An Experiment in Metadata Mapping

The sample Bucket99 configuration files represent an experiment in forming an ADL collection by directly mapping existing metadata to the ADL buckets. That is, given a set of items having item-level metadata, we form the collection by mapping the metadata to the ADL buckets with little to no manipulation; the only work required is deciding which metadata fields map to which buckets. In this particular experiment the mapping and configuration were done manually, but we're anticipating the development of future components that will build collections by metadata harvesting, mapping, and ingest processes that are entirely automated.

The collection in this experiment was a set of 2,851 USGS DRGs having FGDC metadata. The item-level FGDC metadata was derived from a single, comprehensive series-level FGDC record for the DRGs combined with a database of 13 small, item-level fields. This is perhaps an unfair experiment—other collections such as the DLESE collections feature metadata that is truly item-level—nevertheless, this type of collection is one that ADL has historically been targeted at and will continue to be.

The following are some problems encountered.

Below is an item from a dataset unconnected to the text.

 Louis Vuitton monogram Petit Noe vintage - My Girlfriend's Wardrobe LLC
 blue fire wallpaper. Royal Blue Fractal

1. Mapping entire metadata text can lead to false hits

Directly mapping entire metadata fields to textual buckets can cause false hits because the text may contain words that, in the context of discovery, are misleading. For example, the FGDC Abstract field for the DRGs contains this sentence:

The DRG can be used to collect, review, and revise other digital data, especially digital line graphs (DLG).

This is certainly appropriate metadata for a DRG, but when the text is mapped in its entirety to the adl:subject-related-text bucket, the result is that a search for the phrase "digital line graphs" will return every DRG. This problem would seem to be a fundamental limitation of automated metadata mapping.

2. Mapping series-level metadata text can lead to false hits

As mentioned above, the metadata for this collection was largely derived from series-level metadata, not metadata that is truly specific to the individual items. This leads to another kind of inappropriate text. The FGDC Abstract field also contains the sentence:

The USGS is producing DRG's of the 1:24,000-, 1:24,000/1:25,000-, 1:63,360- (Alaska), 1:100,000-, and 1:250,000-scale topographic map series.

Mapping this sentence to the adl:subject-related-text bucket means that a search for "Alaska" will return every DRG. This is a specific instance of a more general problem: there is no mechanism in ADL for representing series of items.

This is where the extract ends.